## Project: Machine Learning Classifier for Sorting Lego Pieces  
## Description:  
Developing and training algorithms for image-based classification of four different Lego categories in a conveyor system.

## Authors:  
- Amer Alhamwi 
- Wael Hamid 
University of British Columbia Okanagan (UBCO)  

## Date:  
November 9, 2024  


In [50]:
# Import necessary libraries for image processing,
# logistic regression modeling, and evaluating with confusion matrix and accuracy score
import os
import numpy as np
from PIL import Image  
from sklearn.linear_model import LogisticRegression
from sklearn.metrics import confusion_matrix, accuracy_score
import matplotlib.pyplot as plt


In [51]:
# The following code loads images from the specified folder, applies image cropping 
# to enhance training accuracy, and assigns classification labels based on the first 
# letter of each image's name. The processed images and labels are stored in arrays 
# for subsequent use in the training process.


# Declare the two folders names for image files
path = "C:\\Users\\Admin\\Desktop\\ENGR 418\\Assignments\\Project_Stage_1"

def test_function(path):
    folder_training = os.path.join(path, "training")
    folder_testing = os.path.join(path, "testing")
    
    return folder_training, folder_testing

folder_training, folder_testing = test_function(path)

# Define the function before calling it
def get_image_data(folder):
    x = []
    y = []

    for pic in os.listdir(f"{folder}/"):
        # opening image using image from PIL
        image = Image.open(f"{folder}/{pic}").convert("L")
        # Crop the images to the center to make it more accurate
        top = int(np.floor(image.height / 4))
        bottom = int(np.ceil(image.height * (3 / 4)))
        left = int(np.floor(image.width / 4))
        right = int(np.ceil(image.width * (3 / 4)))
        #print(image.size)

        # new image is about [500*500] pixels
        cropped_image = image.crop((left, top, right, bottom))

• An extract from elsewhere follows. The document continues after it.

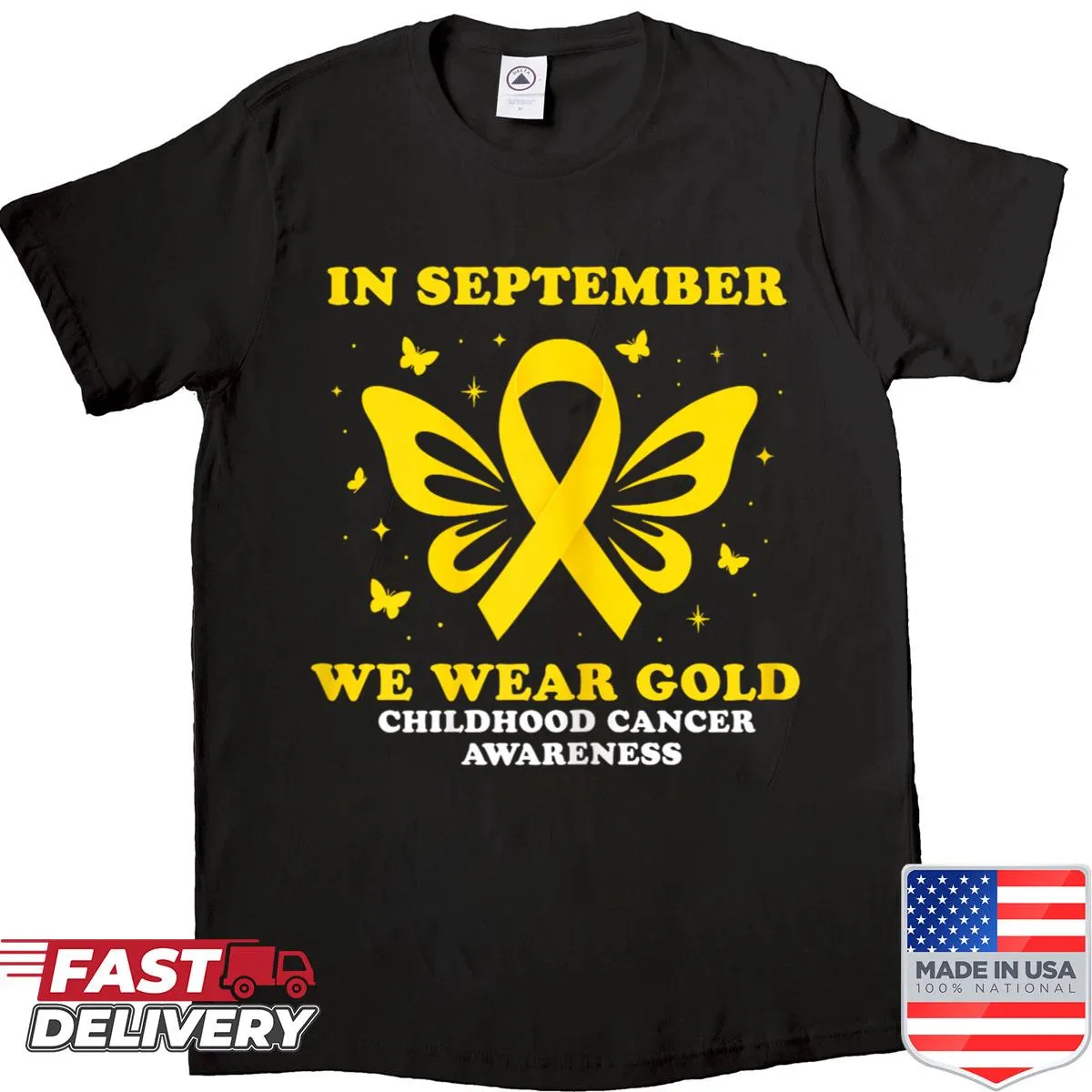 Gold awareness shirt for kids with the message about childhood cancer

        # resizing images to 64*64 pixels (4096)
        resized_image = cropped_image.resize((64, 64))
        
        data = np.asarray(resized_image)  # Convert image to an array
        
        vec = np.hstack(data)  # Flatten 2D image to a 1D array
        
        x.append(vec)  # Append the flattened image data to the list

        # Assign classes based on first letter/number of the image name
        if str.lower(pic[0]) == "c":
            y.append(0)  # Cir
        elif str.lower(pic[0]) == "r":
            y.append(1)  # rec
        elif str.lower(pic[0]) == "2":
            y.append(2)  # 2b1
        else:
            y.append(3)  # Squ

    x = np.array(x)  # Convert to numpy array
    y = np.array(y)  # Convert to numpy array
 
    return x, y



In [52]:
# This cell loads the training data, trains a Logistic 
# Regression model with the training set, and then
# evaluates the model by predicting on the same training data.

#Set paths for training and testing folders based on the project path
folder_training, folder_testing = test_function(path)

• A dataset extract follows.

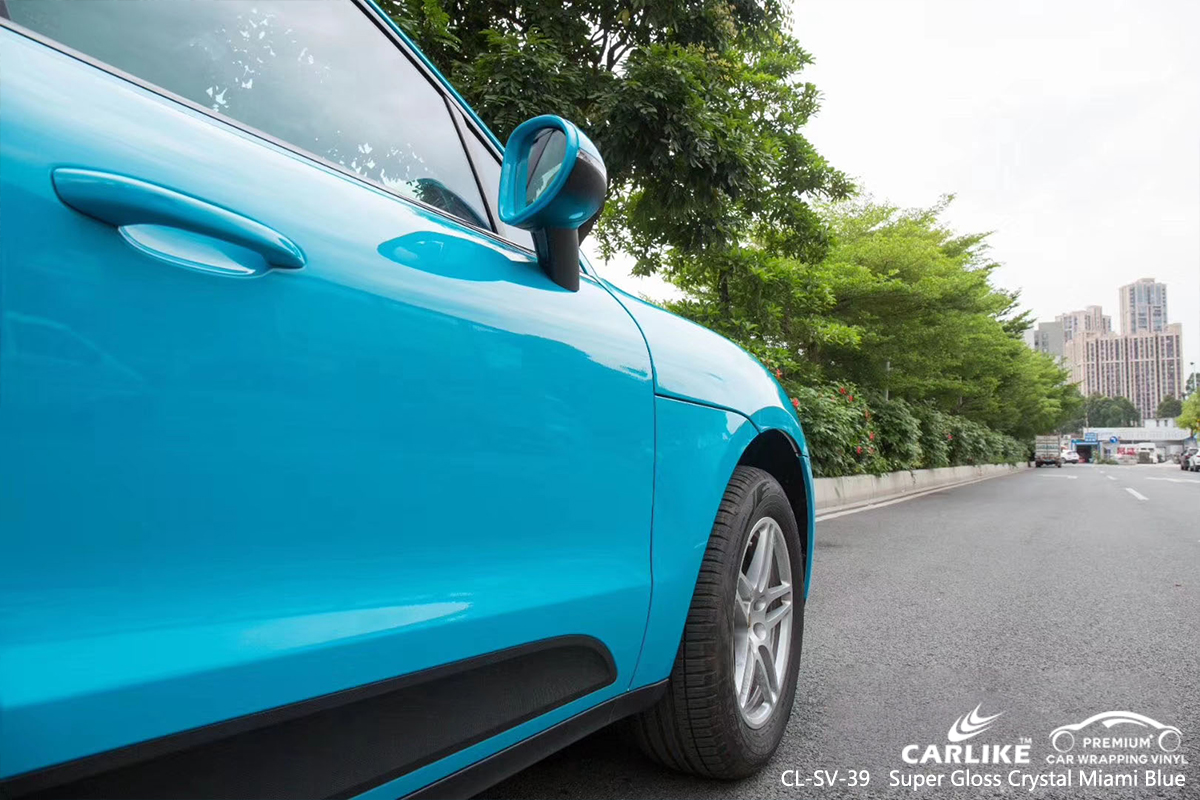 CL-SV-39 super gloss crystal miami blue car wrap film for PORSCHE Springfield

x1_train, y1_train = get_image_data(folder_training)

# Train the Logistic Regression model 
model = LogisticRegression(solver='lbfgs', max_iter=1000)  # Increase max_iter to 1000 or more

#print(f"Data from first directory: {x1_train.shape}, Labels: {y1_train.shape}")

# Train the Logistic Regression model 
model = LogisticRegression(solver='lbfgs', max_iter=1000)  # Increase max_iter to 1000 
model.fit(x1_train, y1_train)

y_pred1 = model.predict(x1_train)

print("Accuracy:", np.round(accuracy_score(y1_train, y_pred1),3))
print("Confusion Matrix:\n", confusion_matrix(y1_train, y_pred1))

Accuracy: 1.0
Confusion Matrix:
 [[36  0  0  0]
 [ 0 36  0  0]
 [ 0  0 36  0]
 [ 0  0  0 36]]


In [53]:
# This code block loads the testing data, uses the trained Logistic Regression model 
# to make predictions on the test set, and evaluates the model's performance by 
# displaying the accuracy score and a confusion matrix.

# Load the testing data
x1_test, y1_test = get_image_data(folder_testing)

# Predict on the test set
y_pred2 = model.predict(x1_test)

# Print the accuracy and confusion matrix
print("Accuracy:", np.round(accuracy_score(y1_test, y_pred2), 3))
print("Confusion Matrix:\n", confusion_matrix(y1_test, y_pred2))

Accuracy: 0.972
Confusion Matrix:
 [[17  0  0  1]
 [ 0 18  0  0]
 [ 0  0 18  0]
 [ 1  0  0 17]]


- The model achieved **perfect accuracy on the training data**, demonstrating an excellent fit to the data it was trained on, and also achieved **a high level of accuracy on the test data**.
- This indicates **strong generalization capabilities** with minimal errors when classifying new data, showing that the model is well-suited for the task.